RECORDS FOR THE TASK »

========================

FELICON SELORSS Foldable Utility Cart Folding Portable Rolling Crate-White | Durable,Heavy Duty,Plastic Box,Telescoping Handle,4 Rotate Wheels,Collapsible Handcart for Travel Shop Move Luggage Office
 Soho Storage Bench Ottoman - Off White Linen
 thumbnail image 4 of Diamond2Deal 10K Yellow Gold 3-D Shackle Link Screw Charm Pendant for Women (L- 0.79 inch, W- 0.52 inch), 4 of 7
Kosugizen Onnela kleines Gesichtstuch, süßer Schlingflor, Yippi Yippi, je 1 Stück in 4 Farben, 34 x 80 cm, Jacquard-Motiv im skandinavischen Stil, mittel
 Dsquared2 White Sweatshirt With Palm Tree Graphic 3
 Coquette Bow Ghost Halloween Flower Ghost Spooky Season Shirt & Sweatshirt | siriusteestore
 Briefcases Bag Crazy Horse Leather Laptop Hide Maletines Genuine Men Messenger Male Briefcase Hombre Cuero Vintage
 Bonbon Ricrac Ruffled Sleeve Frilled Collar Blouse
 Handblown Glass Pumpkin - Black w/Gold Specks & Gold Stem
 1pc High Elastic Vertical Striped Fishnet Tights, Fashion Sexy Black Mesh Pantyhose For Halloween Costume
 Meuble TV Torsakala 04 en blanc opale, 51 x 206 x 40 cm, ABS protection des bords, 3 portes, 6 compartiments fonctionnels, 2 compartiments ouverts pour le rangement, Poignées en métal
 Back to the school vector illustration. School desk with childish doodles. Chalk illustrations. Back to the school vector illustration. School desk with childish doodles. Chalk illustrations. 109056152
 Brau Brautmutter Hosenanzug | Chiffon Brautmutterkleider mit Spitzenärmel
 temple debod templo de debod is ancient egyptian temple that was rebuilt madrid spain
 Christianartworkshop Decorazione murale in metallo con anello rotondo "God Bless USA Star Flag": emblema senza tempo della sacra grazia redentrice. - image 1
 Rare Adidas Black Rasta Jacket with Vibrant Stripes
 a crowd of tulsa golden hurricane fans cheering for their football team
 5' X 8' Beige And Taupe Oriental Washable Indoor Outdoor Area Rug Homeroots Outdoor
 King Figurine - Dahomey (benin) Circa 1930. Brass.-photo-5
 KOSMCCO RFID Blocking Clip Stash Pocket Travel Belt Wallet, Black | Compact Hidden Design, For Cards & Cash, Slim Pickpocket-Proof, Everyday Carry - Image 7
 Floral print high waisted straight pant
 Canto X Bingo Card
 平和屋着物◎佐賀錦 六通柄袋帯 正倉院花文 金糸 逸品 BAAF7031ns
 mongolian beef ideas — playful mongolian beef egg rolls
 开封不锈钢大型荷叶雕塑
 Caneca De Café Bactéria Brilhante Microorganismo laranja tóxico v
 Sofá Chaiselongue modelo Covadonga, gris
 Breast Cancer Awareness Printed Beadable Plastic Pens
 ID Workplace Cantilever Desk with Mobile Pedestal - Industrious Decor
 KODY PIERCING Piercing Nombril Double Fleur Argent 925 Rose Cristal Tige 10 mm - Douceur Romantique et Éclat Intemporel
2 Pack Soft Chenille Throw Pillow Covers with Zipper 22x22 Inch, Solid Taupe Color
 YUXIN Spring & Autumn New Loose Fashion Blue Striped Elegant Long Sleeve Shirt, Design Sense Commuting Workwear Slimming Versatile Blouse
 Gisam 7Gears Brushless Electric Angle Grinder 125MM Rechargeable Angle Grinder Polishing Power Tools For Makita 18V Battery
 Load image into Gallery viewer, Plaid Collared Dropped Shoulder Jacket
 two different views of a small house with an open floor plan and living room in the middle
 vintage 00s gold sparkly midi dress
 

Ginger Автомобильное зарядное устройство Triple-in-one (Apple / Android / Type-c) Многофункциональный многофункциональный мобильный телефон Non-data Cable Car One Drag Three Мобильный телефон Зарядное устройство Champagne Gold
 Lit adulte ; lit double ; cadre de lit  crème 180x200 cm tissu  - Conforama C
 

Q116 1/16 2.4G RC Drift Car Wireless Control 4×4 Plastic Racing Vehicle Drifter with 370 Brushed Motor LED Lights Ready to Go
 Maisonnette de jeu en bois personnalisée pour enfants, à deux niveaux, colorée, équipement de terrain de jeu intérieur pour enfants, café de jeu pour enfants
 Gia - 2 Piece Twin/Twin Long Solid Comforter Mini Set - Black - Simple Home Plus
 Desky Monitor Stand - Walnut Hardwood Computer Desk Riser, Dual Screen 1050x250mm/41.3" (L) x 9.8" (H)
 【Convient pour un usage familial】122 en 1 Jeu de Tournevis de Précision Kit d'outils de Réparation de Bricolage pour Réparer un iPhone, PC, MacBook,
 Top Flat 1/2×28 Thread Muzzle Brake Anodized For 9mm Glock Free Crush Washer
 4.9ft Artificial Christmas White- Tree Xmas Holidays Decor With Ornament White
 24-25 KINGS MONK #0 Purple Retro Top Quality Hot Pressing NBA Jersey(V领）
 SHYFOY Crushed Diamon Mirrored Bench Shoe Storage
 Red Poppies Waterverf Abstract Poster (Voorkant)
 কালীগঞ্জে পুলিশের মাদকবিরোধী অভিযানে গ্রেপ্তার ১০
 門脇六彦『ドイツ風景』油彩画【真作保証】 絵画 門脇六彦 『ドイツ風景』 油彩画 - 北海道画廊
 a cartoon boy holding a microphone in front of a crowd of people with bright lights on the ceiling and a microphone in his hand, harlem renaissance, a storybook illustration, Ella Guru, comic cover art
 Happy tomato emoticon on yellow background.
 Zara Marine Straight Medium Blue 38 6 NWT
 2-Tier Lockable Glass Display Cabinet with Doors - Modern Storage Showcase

========================

WORK REQUEST » In the records above, locate the lines holding the word "crowd". Copy each of them.

EXERCISE ANSWER »
 a crowd of tulsa golden hurricane fans cheering for their football team
 a cartoon boy holding a microphone in front of a crowd of people with bright lights on the ceiling and a microphone in his hand, harlem renaissance, a storybook illustration, Ella Guru, comic cover art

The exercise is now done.